Jurnalis Jangan Terjebak Politik Identitas dalam Pemberitaan Pemilu
Oleh
Cokorda Yudistira
·3 menit baca
BADUNG, KOMPAS – Penerapan prinsip jurnalistik menjadi penting bagi jurnalis dalam setiap peliputan dan pemberitaan, termasuk pemberitaan pemilu. Jurnalis diingatkan agar tidak ikut terperangkap politik identitas yang dimanfaatkan dan dieksploitasi politisi demi kepentingan memperoleh suara dalam pemilu.
Hal itu disampaikan Direktur Serikat Jurnalis untuk Keberagaman (Sejuk) Ahmad Junaidi dalam lokakarya jurnalistik dan seminar regional Asia Tenggara di Nusa Dua, Kabupaten Badung, Bali, Rabu (20/3/2019). Seminar dan lokakarya mengangkat tema “Hubungan Antara Kebebasan Beragama atau Berkeyakinan dan Kebebasan Berekspresi di Asia Tenggara (The Nexus Between Freedom of Religion or Belief and Freedom of Expression in Southeast Asia)”.
Lebih lanjut Junaidi menyatakan, prinsip-prinsip jurnalistik, misalnya, kewajiban kepada kebenaran, independen, berimbang, dan berdisiplin pada verifikasi, harus menjadi pegangan jurnalis. Junaidi menambahkan, jurnalis perlu menyiapkan dirinya mulai sebelum meliput, saat meliput, maupun ketika melaporkan hasil liputannya.
“Sejak setahun terakhir, kami dari Sejuk sudah mengingatkan agar jurnalis berhati-hati dengan politisi yang memanipulasi isu-isu identitas dalam tahun politik,” kata Junaidi. “Jangan memilih politisi yang asal ngomong dengan memanfaatkan isu agama, isu etnis, maupun isu identitas lainnya yang mungkin dapat memojokkan kalangan minoritas maupun kalangan masyarakat yang terpinggirkan,” ujar Junaidi yang juga editor The Jakarta Post.
Sejak setahun terakhir, kami dari Sejuk sudah mengingatkan agar jurnalis berhati-hati dengan politisi yang memanipulasi isu-isu identitas dalam tahun politik. (Junaidi)
Lokakarya jurnalistik regional Asia Tenggara yang diikuti jurnalis, pegiat hak asasi manusia, dan akademisi dari kawasan Asia Tenggara, India, dan Timor Leste, dimulai Senin (18/3). Dalam lokakarya juga diungkapkan pengalaman jurnalis dan pegiat HAM yang meliput peristiwa konflik di negaranya maupun berlangsungnya diskriminasi atau ancaman terhadap kalangan minoritas atau terhadap kebebasan berekspresi di negaranya.
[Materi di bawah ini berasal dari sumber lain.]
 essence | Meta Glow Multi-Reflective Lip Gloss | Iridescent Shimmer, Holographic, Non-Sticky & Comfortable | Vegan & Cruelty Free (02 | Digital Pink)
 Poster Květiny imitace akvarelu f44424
Adapun lokakarya jurnalis dan seminar regional itu diselenggarakan Sejuk bersama The International Association of Religion Journalists (IARJ) dan Institute of Peace and Democracy (IPD) Universitas Udayana, Bali. Seminar dan lokakarya jurnalistik itu, antara lain, bertujuan menguatkan pemahaman dan keterampilan jurnalis dalam memberitakan isu keberagaman, termasuk perihal menguatnya politik identitas yang dapat berdampak terhadap pelanggaran HAM, pemojokan kelompok minoritas, dan kriminalisasi terhadap jurnalis.
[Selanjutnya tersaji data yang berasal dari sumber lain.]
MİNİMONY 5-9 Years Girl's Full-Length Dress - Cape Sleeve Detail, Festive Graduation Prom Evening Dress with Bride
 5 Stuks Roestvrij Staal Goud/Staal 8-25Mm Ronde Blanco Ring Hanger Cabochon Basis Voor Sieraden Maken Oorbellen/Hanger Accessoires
Dalam sesi diskusi panel tentang “Berbagi tentang Diskriminasi”, pegiat bidang kesehatan dan hak asasi manusia Kevin Halim mengatakan, jurnalis dan media massa berperan menginformasikan perihal kesetaraan kalangan lesbian, gay, biseksual, transgender, dan queer sebagai bagian dari masyarakat sehingga masyarakat mengenal dan mengerti keberadaan mereka. “Jurnalis perlu mempunyai kepekaan dalam pemberitaan tentang kelompok-kelompok minoritas,” ujar Kevin yang aktif di organisasi masyarakat berbasis komunitas Gaya Warna Lentera Indonesia (GWL-Ina).
Berbicara dalam sesi diskusi bertemakan “Peran Media Dalam Memberitakan Konflik Berlatar Sentimen Identitas”, Direktur Eksekutif IARJ Endy Bayuni menyatakan peningkatan kapasitas jurnalistik melalui pelatihan mengenai isu kemanusiaan, keberagaman, dan perdamaian, tidak hanya diberikan kepada jurnalis namun juga bagi para penentu kebijakan pemberitaan di news room. “Sehingga ada pemahaman antara jurnalis yang meliput dan policy maker di news room yang memutuskan pemuatan berita,” ujar Endy yang menjabat senior editor di The Jakarta Post.